For years, researchers have been great at shrinking the magnitude. They can compress a number like 5.43 down to a tiny fraction of a bit. But they hit a wall with the sign.

The paper argues that the sign is like a stubborn, random coin flip. Even after the AI learns, the pattern of pluses and minuses looks completely random, like static on an old TV. Because it's random, you can't compress it. You have to store every single sign, which costs exactly one bit per number.

This creates a "One-Bit Wall." No matter how much you shrink the magnitudes, the signs take up so much space that you can't get the total storage below one bit per number.

The Discovery: The Signs Are "Locked In"

The authors discovered something surprising: The AI isn't actually changing the signs very much.

Think of the AI training process like a hiker walking through a foggy mountain range.

The Magnitudes are the hiker's speed and direction. They change constantly as the hiker navigates the terrain.
The Signs are the hiker's starting direction (North or South).

The paper found that once the hiker starts walking, they rarely turn around completely. If they started facing North, they mostly stay facing North. They might stumble a bit, but they don't flip 180 degrees.

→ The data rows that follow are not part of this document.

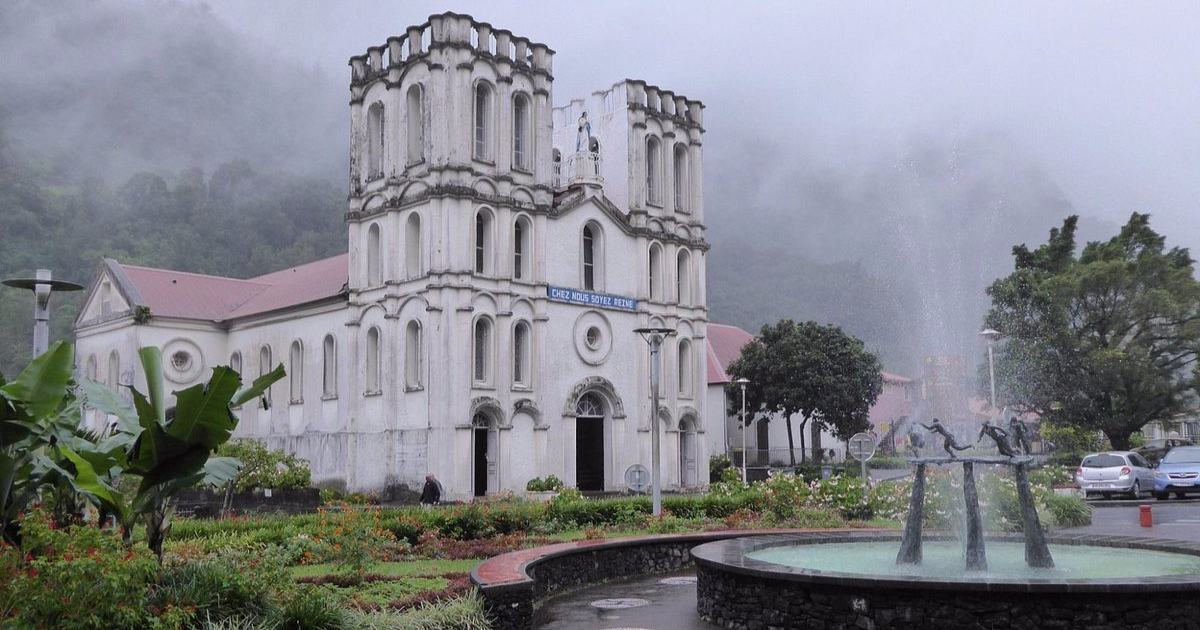 Église Notre-Dame-de-l'Assomption à Salazie sous la brume du cirque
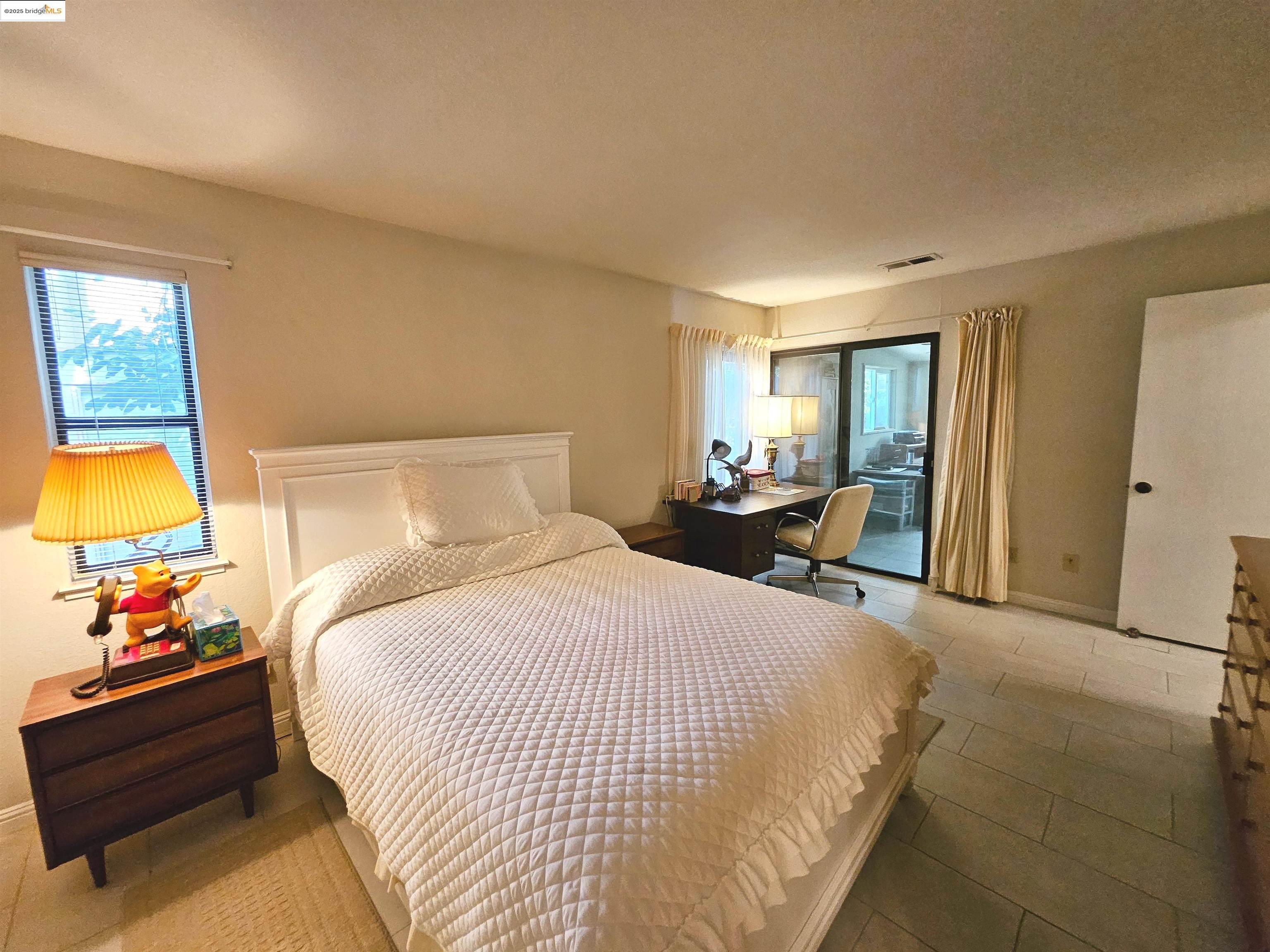 Detail Gallery Image 14 of 34 For 427 Grovewood Loop, Brentwood,  CA 94513 - 3 Beds | 2 Baths
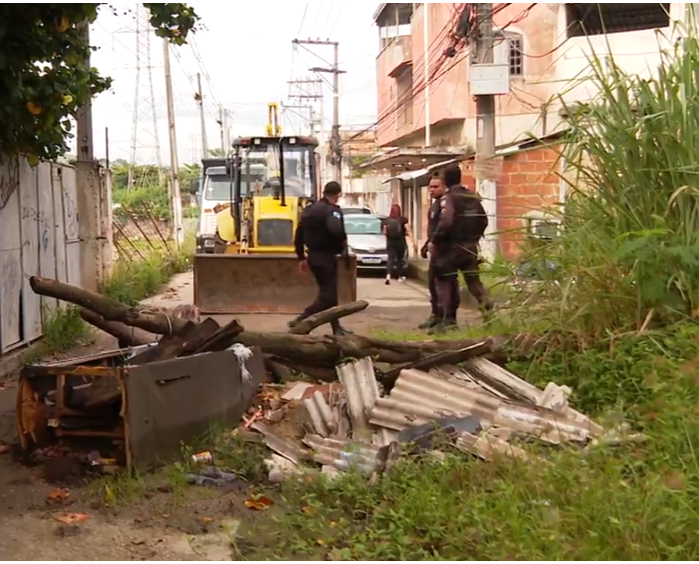 Em São Gonçalo, há barricadas até no Centro. Esta ficava a 1 km de distância da Prefeitura Municipal. 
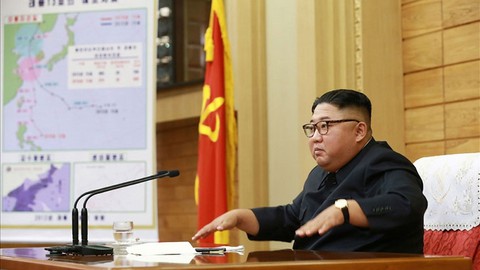 Ông Kim Jong Un họp khẩn, nói quan chức bất lực, vô tâm trước bão lớn - Ảnh 1. Ông Kim Jong Un họp khẩn, nói quan chức bất lực, vô tâm trước bão lớn - Ảnh 1.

The "Sign Lock-In" Theory:
The randomness we see in the final AI model isn't because the AI learned a complex, random pattern. It's because the AI inherited the random pattern from the very first moment it was created (initialization). The training process just "locks" those initial random signs in place.

The authors call this "Sign Lock-In." It's like a door that, once opened a certain way, gets jammed shut. It's very hard to force it open the other way.

Why Does This Happen? (The "Zero" Trap)

To flip a sign from Positive (+) to Negative (-), a number has to pass through Zero.

Imagine the number line as a tightrope.

Positive is on the right side.
Negative is on the left side.
Zero is the tiny, slippery pole in the middle.

For a sign to flip, the number has to walk all the way to the pole, touch it, and cross over to the other side. The paper shows that during training, numbers usually stay far away from that slippery pole. They get "locked" on their side of the tightrope. Occasionally, a number might stumble near the pole, but it rarely crosses over and stays there.

The Solution: Building a "No-Zero" Zone

Since the signs are stuck, the authors asked: Can we use this to our advantage?

If the signs are stuck, why not force them to be a pattern we can compress?

They proposed two simple tricks to make the signs even more stubborn:

The "Gap" Start (Gap Initialization):
Instead of starting the hiker right near the slippery pole (Zero), start them far away on the safe side of the mountain. Give them a big "gap" so they can't accidentally stumble into the zero zone. This prevents them from ever flipping in the first place.
The "Repellent" Force (Outer-Drift Regularizer):
Imagine putting a gentle wind blowing away from the pole. If a number starts drifting toward zero, this wind pushes it back to safety. This ensures that even if a number gets close to the edge, it gets pushed back before it can flip.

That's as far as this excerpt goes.